═══ DATA SECTION

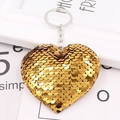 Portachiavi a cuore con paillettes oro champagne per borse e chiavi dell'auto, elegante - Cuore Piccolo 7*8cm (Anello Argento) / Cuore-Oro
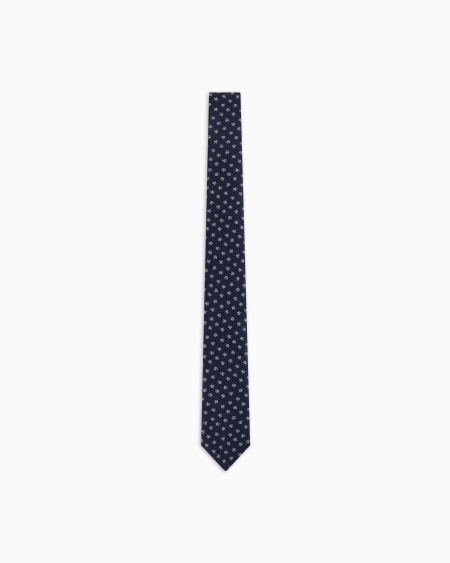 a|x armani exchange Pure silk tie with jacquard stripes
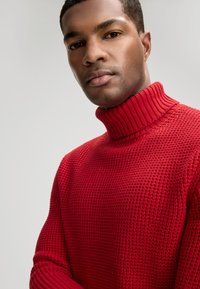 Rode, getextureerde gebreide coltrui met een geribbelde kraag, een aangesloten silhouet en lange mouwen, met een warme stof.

══════

PROBLEM REQUIREMENTS >>
Only the lines that lie between the start of the listing and the line containing "a|x armani exchange", both included, belong in the answer; write them out exactly and omit pictures.

ANSWER SECTION >>
 Portachiavi a cuore con paillettes oro champagne per borse e chiavi dell'auto, elegante - Cuore Piccolo 7*8cm (Anello Argento) / Cuore-Oro
 a|x armani exchange Pure silk tie with jacquard stripes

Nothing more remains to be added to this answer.